What You Need to Know about the Pin Bar

If you have been trading constantly but you do not seem to be making any headway, maybe it is time to rethink your strategies.  You might be better off taking a step back and studying your strategy or trying out a completely new one.

For instance, have you heard of pin bar trading? The pin bar is a trading strategy that holds one of the highest probabilities in Forex trading. Anyone can open an fx trading account and start trading immediately it is set up.

What is Pin Bar Trading?

The Pinnochio Bar or Pin Bar is a single candlestick pattern consisting of a one price bar which represents a sharp rejection and reversal of price. It is also referred to as the pin bar reversal. The pin bar is a long wick which protrudes from the price action.

The pin bar offers one of the most reliable reverse signals if identification and trading is done properly. The term Pinnochio’s bar stems from Pinnochio’s nose which would grow a few inches every time he lied. From observing trading from the pin bar strategy, it would seem as if some lying took place. The price looks like it is going up while in actuality, it is found to be rather low by the end of the session.

When a trader sees a long wick protruding from a price action, they look for the reason for the protrusion and will cause it to continue by looking for a reversal.  When the wick sticks out below the price action, the traders go long. If the protrusion is above the price action, then they will want to go short.

The traders must be careful with the wicks though because some turn out not to be pin bars at all.  However, they can still be used by traders.
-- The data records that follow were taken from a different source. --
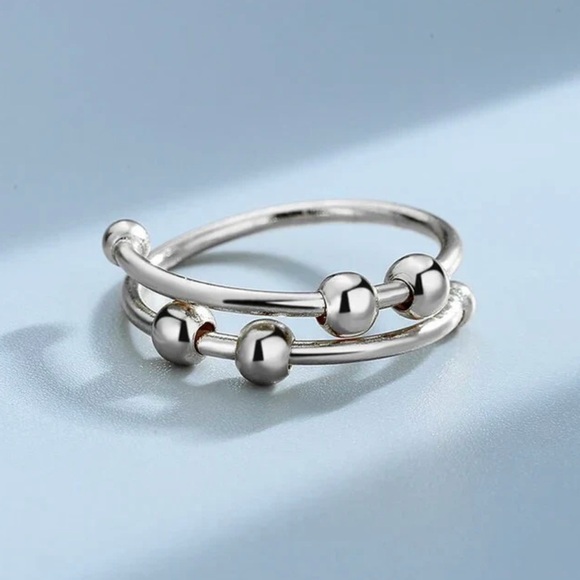 Self-Love Set: I Am Enough Ring & Fidget Ring - Picture 3 of 5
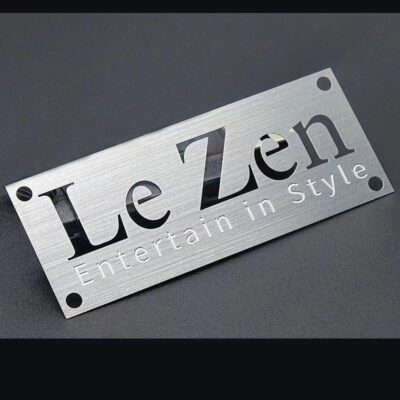 Adesivo in metallo in acciaio inossidabile 01 loghi JTT | Produttori, fabbrica di adesivi con logo metallico personalizzato professionale in Cina
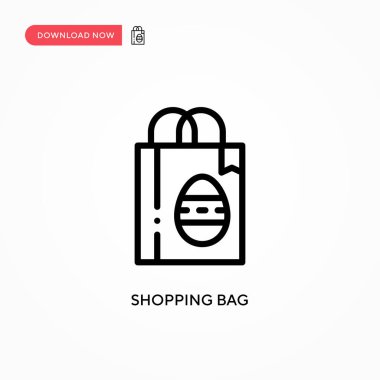 Alışveriş poşeti vektör simgesi. Web sitesi veya mobil uygulama için modern, basit düz vektör çizimi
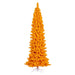 6'6"Hx27"W Flocked Pencil Fir Artificial Christmas Tree, Unlit -Yellow - K237065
How to Differentiate Between a Real Pin Bar and a Fake 

The determinant is really the recent price action. When the long wick juts out from recent prices, that is a pin bar. If it does not protrude from the previous price action, then it is a fake one.  With a real pin bar, traders can open a position which would allow them to take part in the trading due to the opportunity created by the long wick.

With a fake pin bar, that would not work to the traders’ advantage. However, if they recognize it for what it is, they can still trade the faux pin bar.

Trading Fake Pin Bars

To trade faux pin bars, the trader has to decide which of the pin bars are likely to be favorable and which ones to ignore. This is possible if they consider the currency pair and if they only enter in the longer term trend. It is possible to consider the price action analysis as well to examine trends.

Why do Pin Bars Happen?

A long wick means that the market is leaning one direction and that the price was pushed back in a different direction. The price could not work in the initial direction; therefore, it took a different turn. This usually means that a reversal is imminent.
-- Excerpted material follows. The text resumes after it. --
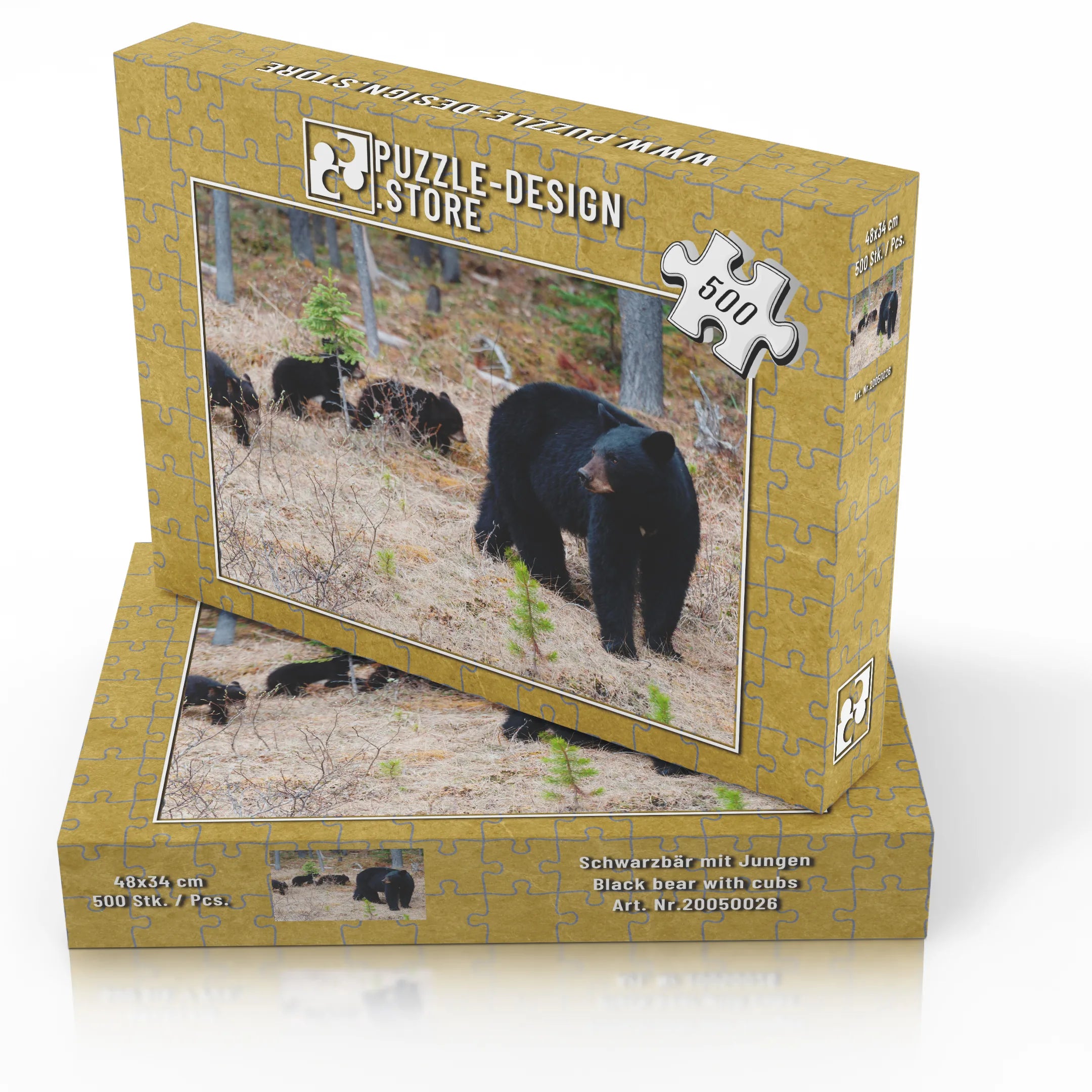 Schwarzbär mit Jungen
When you consider trading them, you must keep in mind that what you have is a clue. You will be required to look closer to get the real picture. That is the only way you will be able to figure out if the particular pin bar you are looking at is at par with the other price levels displayed on the chart. Therefore, you are aware that pin bars may not be a trading system, but they point you in the right direction.

What you need to understand is that there is really no mystery surrounding pin bars. They are simply figures put down on a chart to give a trader some direction. Should you want to trade pin bars, learn as much as you can about them, run a few tests and see if they will work for you.